Cloudera Community

Support Questions

Find answers, ask questions, and share your expertise

Advanced Search

Solved

yassan

Explorer

Hi, All !

I am having the same problem as below.

Drop empty Impala partitions - Stack Overflow

Impala external table partitions still show up in stats with row count 0 after deleting the data in HDFS and altering (like ALTER TABLE table RECOVER PARTITIONS) refreshing (REFRESH table) and invalidation of metadata.

Trying to drop partitions one by one works, but there are tens of partitions which should be removed and it would be quite tedious.

Dropping and recreating the table would also be an option but that way all the statistics would be dropped together with the table.

Is there any kind of other options in impala to get this done?

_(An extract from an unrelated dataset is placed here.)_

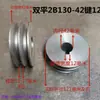 Polia Triangular para Correia 2 Canais Tipo B Polia de Motor Diâmetro Externo 60-200mm Dupla Canaleta 2B Polia de Motor de Ferro Fundido Disco de Correia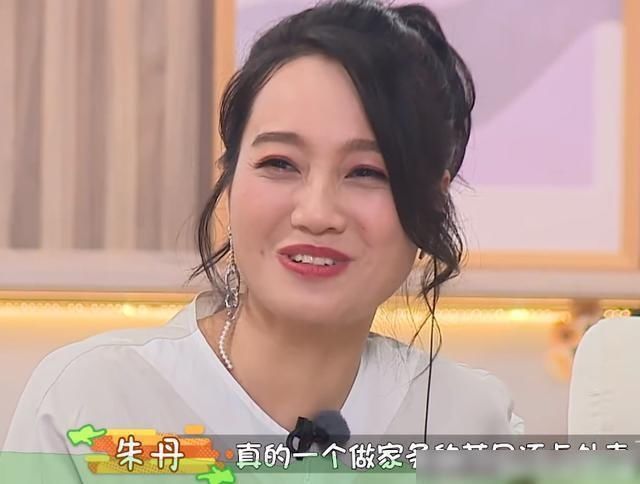  节目|郭麒麟和范丞丞参加节目点外卖引热议：明星捞金这么容易？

Is this only a workaround using Hive below?

9,575 Views

1 ACCEPTED SOLUTION

amallegni

Cloudera Employee

Hi @yassan ,

let's recap some important concept, then I will add my comment to your points.
Generally speaking:

If you issue a SQL statement Hive/Impala, the engine is fully aware of what has been requested and will do everything needed. E.g. if you drop a partition, the engine knows that metadata has to be updated and knows if data has to be purged to or not (e.g. if it's an external table, data on filesystem won't be deleted by default).
NOTE: if you want drop statements to delete data as well, you would need a managed (non external) table. You might also try to alter your table and set this TBLPROPERTIES ("external.table.purge"="true"). Honestly I'm not sure if this is available in your version of Hive, it is for sure in more up to date versions (e.g. Cloudera Data Platform).
If you delete data directly on the filesystem (e.g. via a Spark job or via hdfs CLI), there is no way for Hive/Impala engine to know that it happened unless you explicitly tell them. This is something you can do by launching a "MSCK REPAIR TABLE [...]" on Hive or by launching an "ALTER TABLE tablename DROP PARTITION [...]" either on Hive or Impala.
Well actually, if you are using Spark you could rely on sparksql and issue a drop partition statement (see the summary at the end of this post).
Impala relies on Hive metastore but caches metadata. If you make some changes to metadata via Hive, then you'll have to launch an "INVALIDATE METADATA" on Impala in order to refresh the cache.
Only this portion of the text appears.